In a decreasing market it would be expensive to design & develop every element of a camera and Canon already use sensors for compact cameras from Sony so why not IBIS from Olympus?


----------



## Trey T (Mar 28, 2019)

Canon have been touting their operation as "consolidation" and I can understand that if they contract out the IBIS to Olympus, it would be beneficial to minimize the R&D to implementation schedule.


----------



## KeithBreazeal (Mar 28, 2019)

Depending on how the original IBIS patent was written, Canon may find it difficult to design one from scratch without infringing on another patent. You see these infringements all the time with smart phone manufacturers. The last thing Canon would want to do is steal patent ideas and get whacked for it. If there is no easy way around it or it becomes a design nightmare, Canon could seek some patent rights. Just get it done!


----------



## addola (Mar 28, 2019)

jeffa4444 said:


> Ever wondered how Sony got it its in-body image stabilisation, yep via Olympus technology.



Sony's first IBIS was based on sensor-shift stabilization from Minolta. Minolta had 2-axis sensor-shift stabilization. Maybe the 5-axis stabilization have something to do with Olympus, but reviewers seem to suggest that Olympus's IBIS is far superior to Sony's.


----------



## Mikehit (Mar 28, 2019)

addola said:


> Sony's first IBIS was based on sensor-shift stabilization from Minolta.
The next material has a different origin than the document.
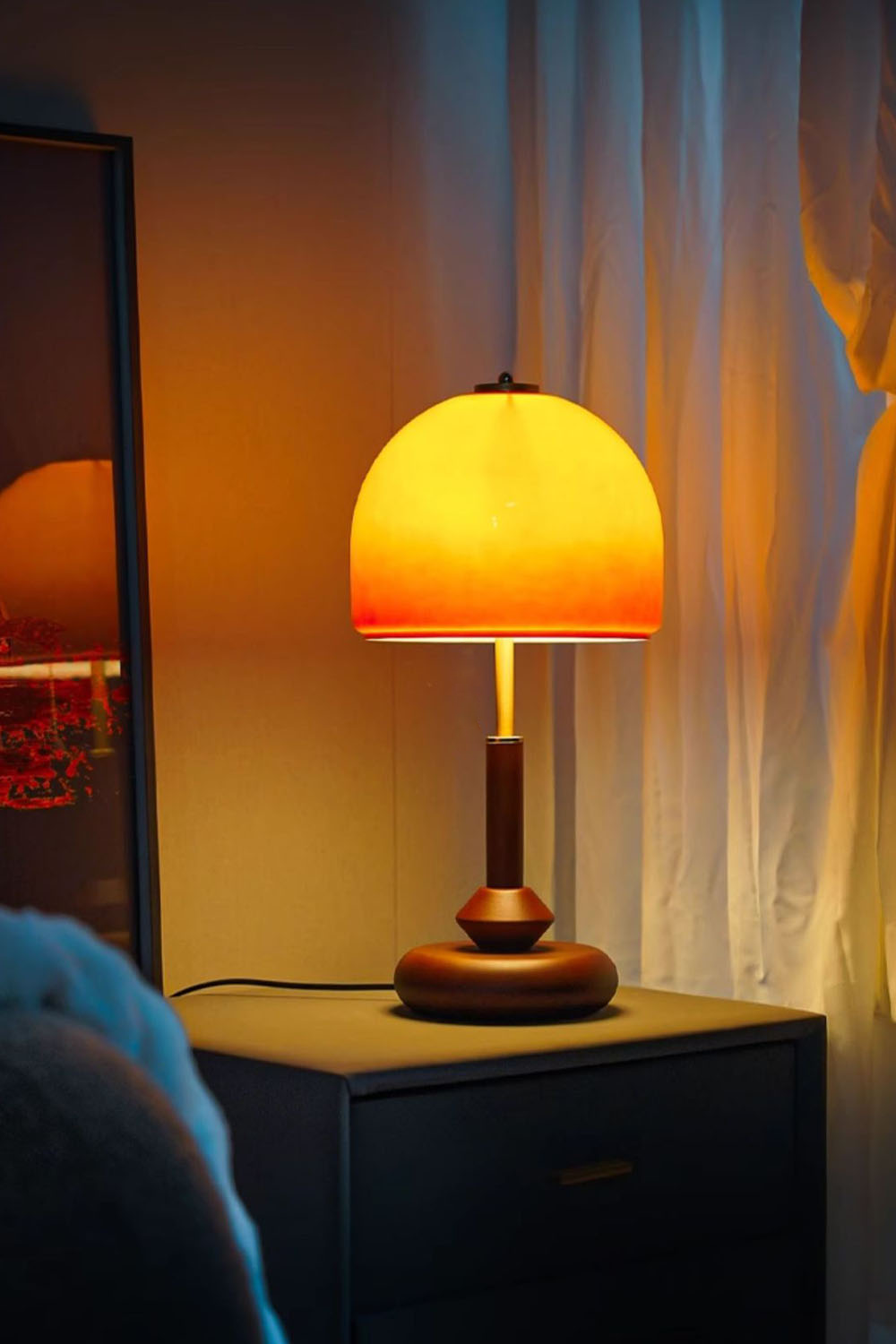 Vintage Glass Mushroom Table Lamp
Minolta had 2-axis sensor-shift stabilization. Maybe the 5-axis stabilization have something to do with Olympus, but reviewers seem to suggest that Olympus's IBIS is far superior to Sony's.


I tend to agree, but I suspect the reason that Sony's IBIS is not as good as Olympus/Panasonic is because they are trying to stabilise a sensor 4 times larger.


----------



## jeffa4444 (Mar 28, 2019)

Mikehit said:


> I tend to agree, but I suspect the reason that Sony's IBIS is not as good as Olympus/Panasonic is because they are trying to stabilise a sensor 4 times larger.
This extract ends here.